:: Recorded information
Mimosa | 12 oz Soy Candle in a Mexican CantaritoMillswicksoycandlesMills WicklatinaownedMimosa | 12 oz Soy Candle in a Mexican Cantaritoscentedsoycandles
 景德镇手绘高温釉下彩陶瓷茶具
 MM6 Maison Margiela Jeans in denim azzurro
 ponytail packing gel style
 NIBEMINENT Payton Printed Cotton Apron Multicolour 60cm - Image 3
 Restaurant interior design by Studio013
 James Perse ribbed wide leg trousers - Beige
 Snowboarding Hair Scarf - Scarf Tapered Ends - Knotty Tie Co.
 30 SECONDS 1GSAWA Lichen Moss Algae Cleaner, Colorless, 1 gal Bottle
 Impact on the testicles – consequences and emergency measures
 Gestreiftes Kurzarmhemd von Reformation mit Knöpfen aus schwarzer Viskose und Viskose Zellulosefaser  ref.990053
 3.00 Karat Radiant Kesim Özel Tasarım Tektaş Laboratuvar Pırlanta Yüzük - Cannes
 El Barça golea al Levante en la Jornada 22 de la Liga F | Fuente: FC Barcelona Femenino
::::
## [Task objective]
Please return only the lines above, starting at the line that has "MM6 Maison Margiela Jeans in denim azzurro" and ending at the line that has "3.00 Karat Radiant", keeping both and leaving each one unchanged.

## [Completed task]
 MM6 Maison Margiela Jeans in denim azzurro
 ponytail packing gel style
 NIBEMINENT Payton Printed Cotton Apron Multicolour 60cm - Image 3
 Restaurant interior design by Studio013
 James Perse ribbed wide leg trousers - Beige
 Snowboarding Hair Scarf - Scarf Tapered Ends - Knotty Tie Co.
 30 SECONDS 1GSAWA Lichen Moss Algae Cleaner, Colorless, 1 gal Bottle
 Impact on the testicles – consequences and emergency measures
 Gestreiftes Kurzarmhemd von Reformation mit Knöpfen aus schwarzer Viskose und Viskose Zellulosefaser  ref.990053
 3.00 Karat Radiant Kesim Özel Tasarım Tektaş Laboratuvar Pırlanta Yüzük - Cannes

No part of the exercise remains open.